▶ **INSTRUCTIONS TO FOLLOW**
Copy every entry below verbatim, except for images.

────────

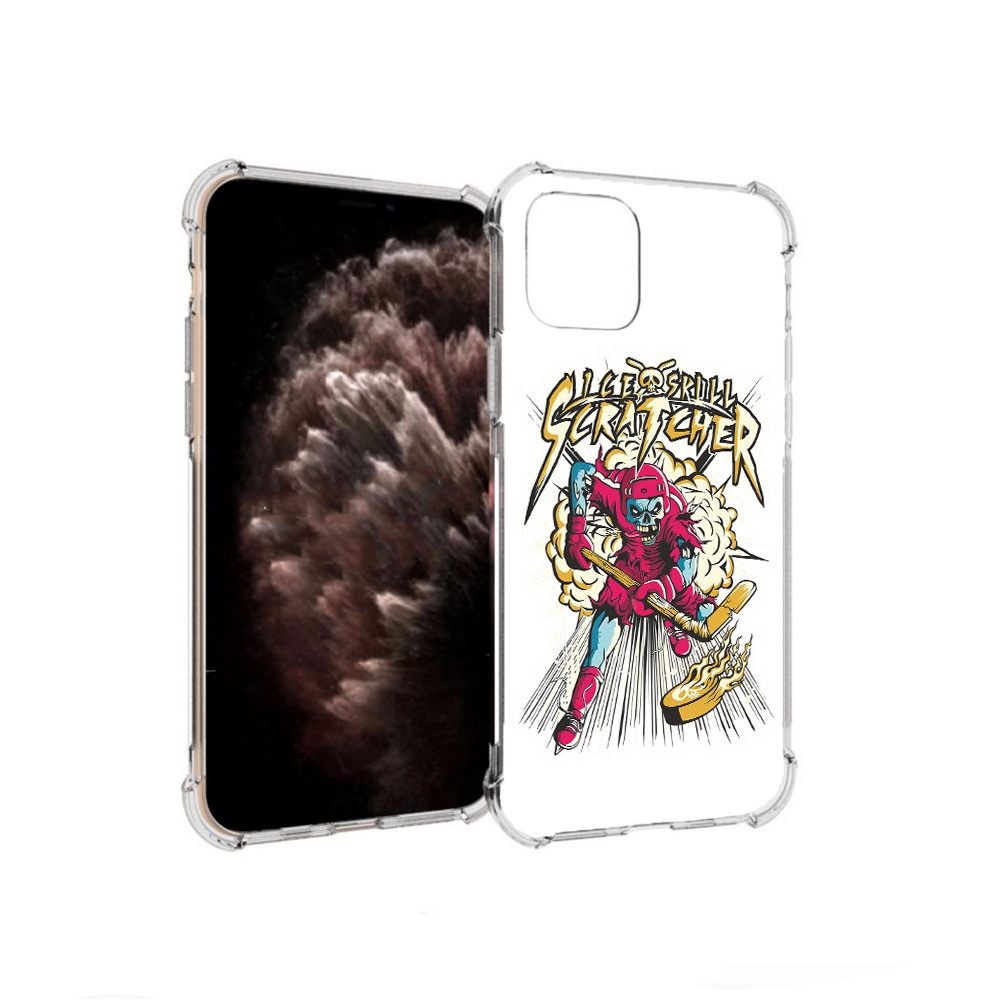 Чехол MyPads Tocco для Apple iPhone 11 Pro нарисованный скелет хоккеист, Прозрачный, Tocco
Чехол MyPads Tocco для Apple iPhone 11 Pro нарисованный скелет хоккеист, Прозрачный, Tocco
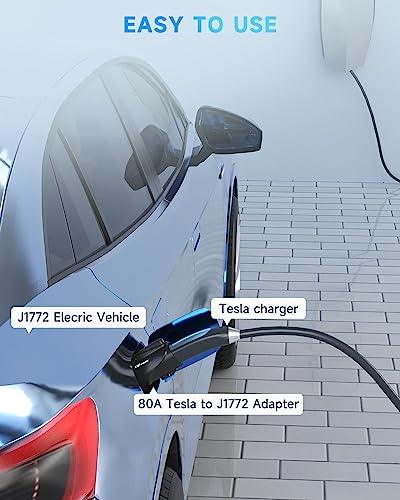 EVDANCE-Tesla-to-J1772-Charging-Adapter-Max-80-Amp-250V-J1772-EV-Adapter-Tesla-Charger-Adapter-Compatible-with-Tesla-High-Powered-Connectors-Destination-Chargers-and-Mobile-Connectors-Black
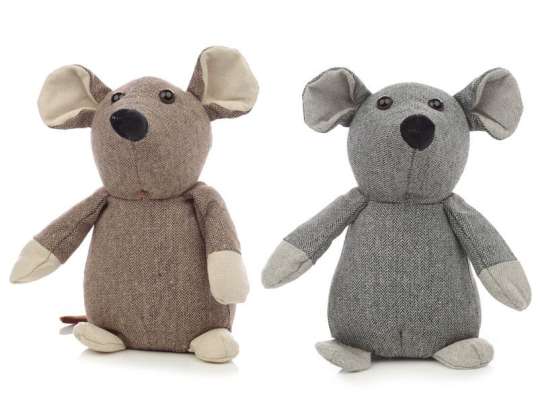 Mouse Door Stop Grey/Brown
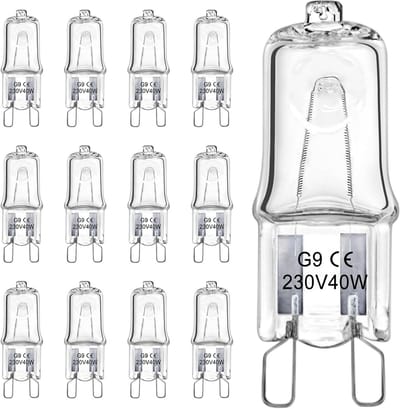 G9 Halogeenlampen 40W Warm Wit Dimbare Capsulelampen (12 Stuks)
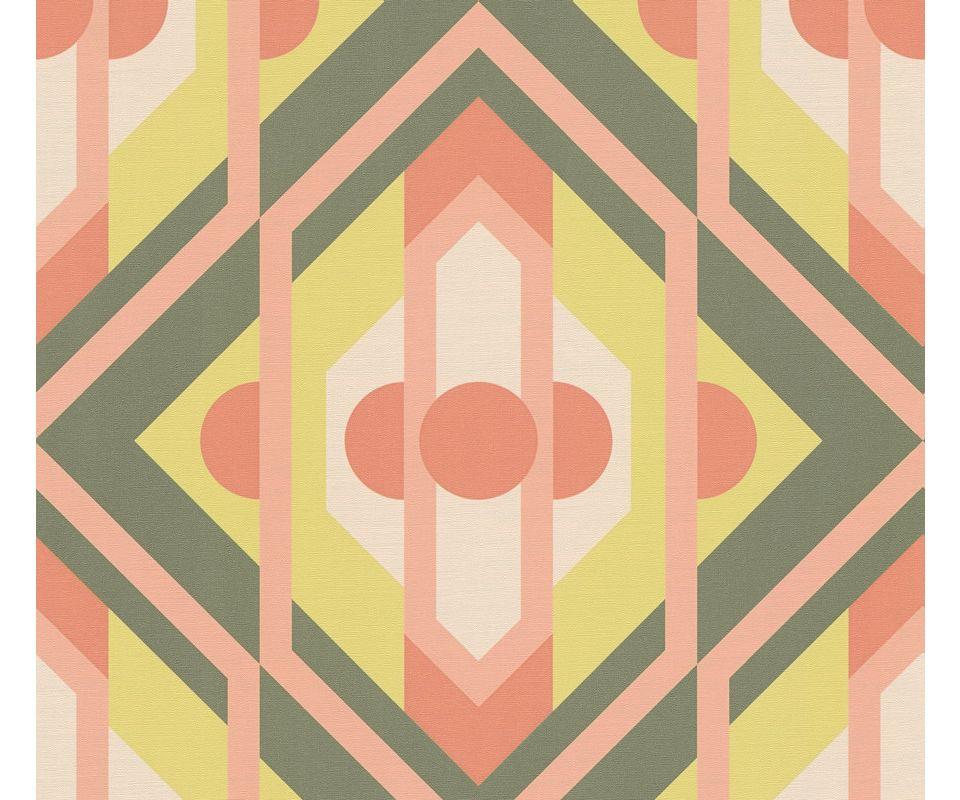 VLIESTAPETE Rosa 53/850 cm - Grün, Textil (53/1cm) - KUNSTLOFT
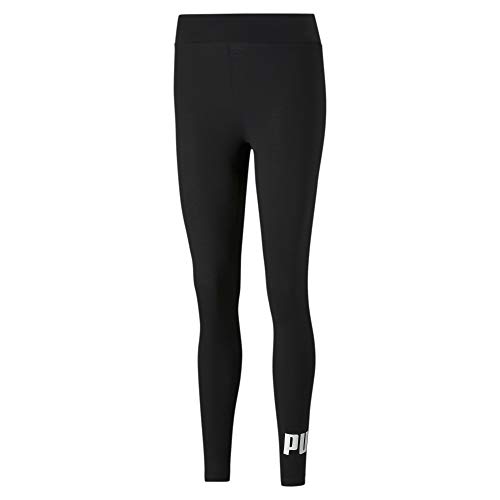 PUMA ESS Logo Leggings Mallas Deporte, Mujer, Puma Black, L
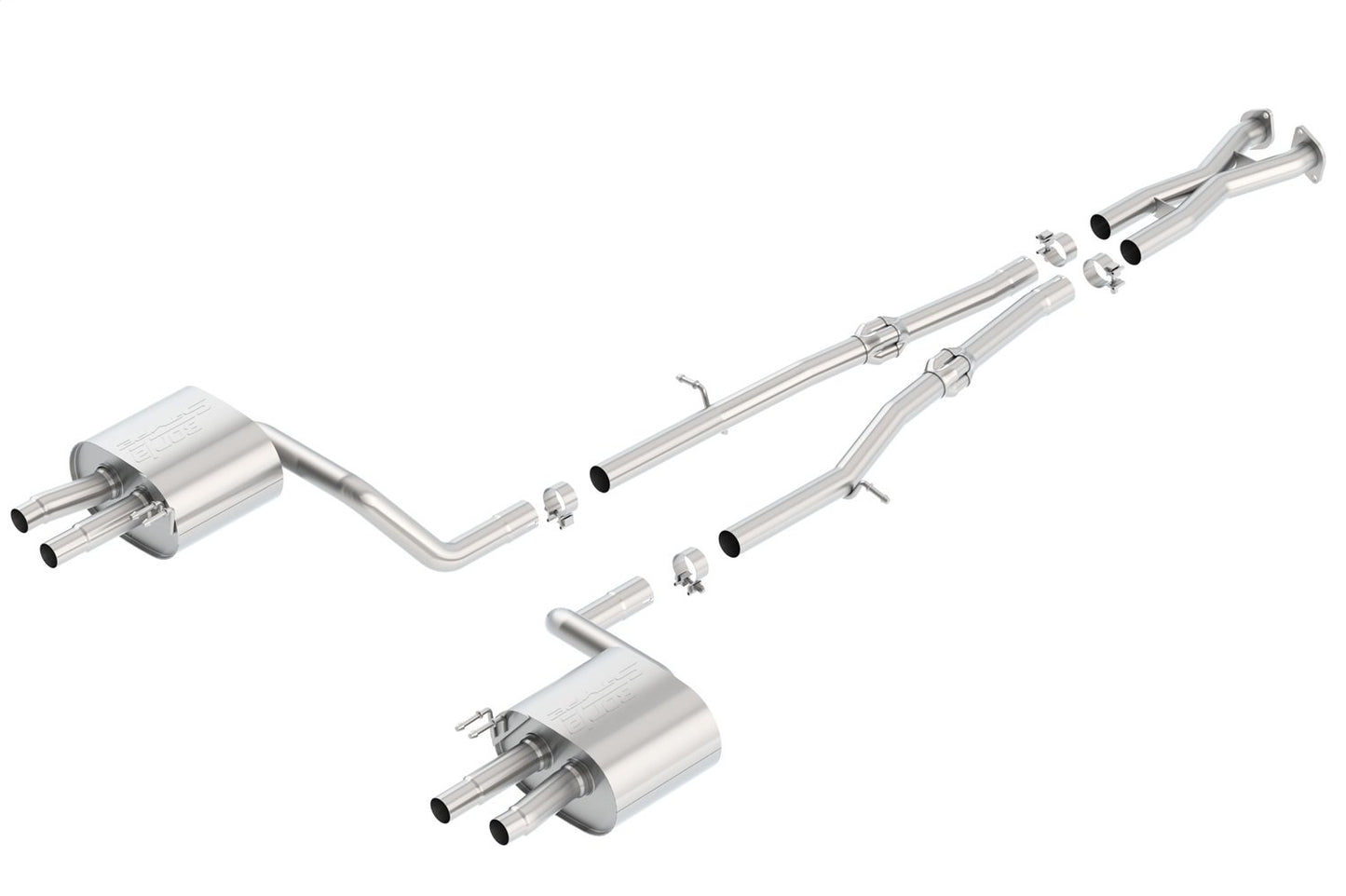 Borla Cat-Back Exhaust System - S-Type | 2018-2020 Kia Stinger 3.3L Turbocharged (140736)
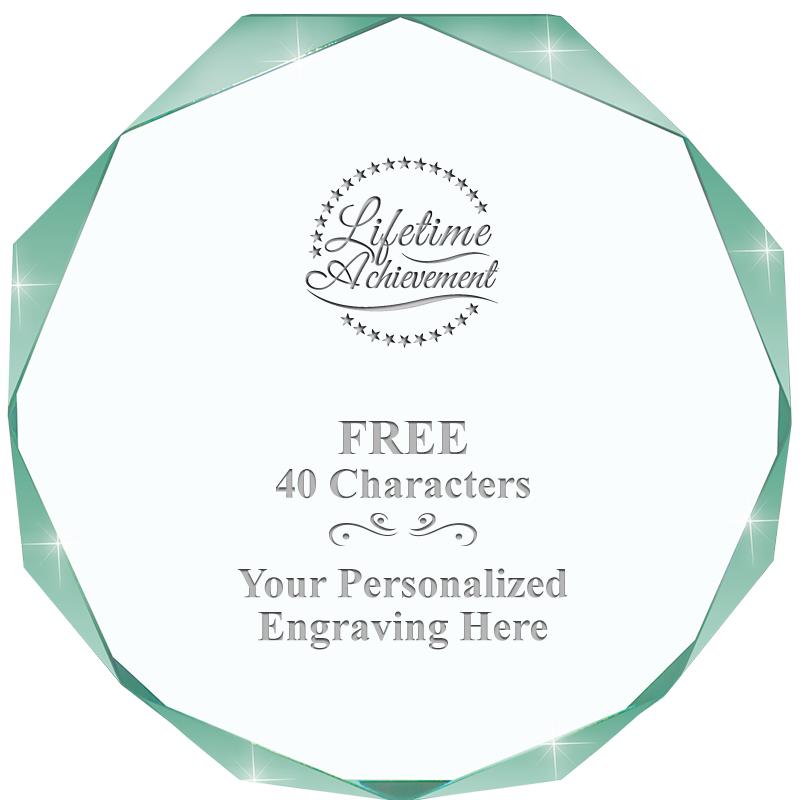 JADE IMPERIAL OCTAGON ACRYLIC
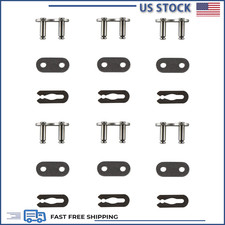 6 Sets 415 Chain Master Link 49cc 66cc 80cc 2-Cycle Motorized Bike Gas Engine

────────

▶ **REPLY**
 Чехол MyPads Tocco для Apple iPhone 11 Pro нарисованный скелет хоккеист, Прозрачный, Tocco
Чехол MyPads Tocco для Apple iPhone 11 Pro нарисованный скелет хоккеист, Прозрачный, Tocco
 EVDANCE-Tesla-to-J1772-Charging-Adapter-Max-80-Amp-250V-J1772-EV-Adapter-Tesla-Charger-Adapter-Compatible-with-Tesla-High-Powered-Connectors-Destination-Chargers-and-Mobile-Connectors-Black
 Mouse Door Stop Grey/Brown
 G9 Halogeenlampen 40W Warm Wit Dimbare Capsulelampen (12 Stuks)
 VLIESTAPETE Rosa 53/850 cm - Grün, Textil (53/1cm) - KUNSTLOFT
 PUMA ESS Logo Leggings Mallas Deporte, Mujer, Puma Black, L
 Borla Cat-Back Exhaust System - S-Type | 2018-2020 Kia Stinger 3.3L Turbocharged (140736)
 JADE IMPERIAL OCTAGON ACRYLIC
 6 Sets 415 Chain Master Link 49cc 66cc 80cc 2-Cycle Motorized Bike Gas Engine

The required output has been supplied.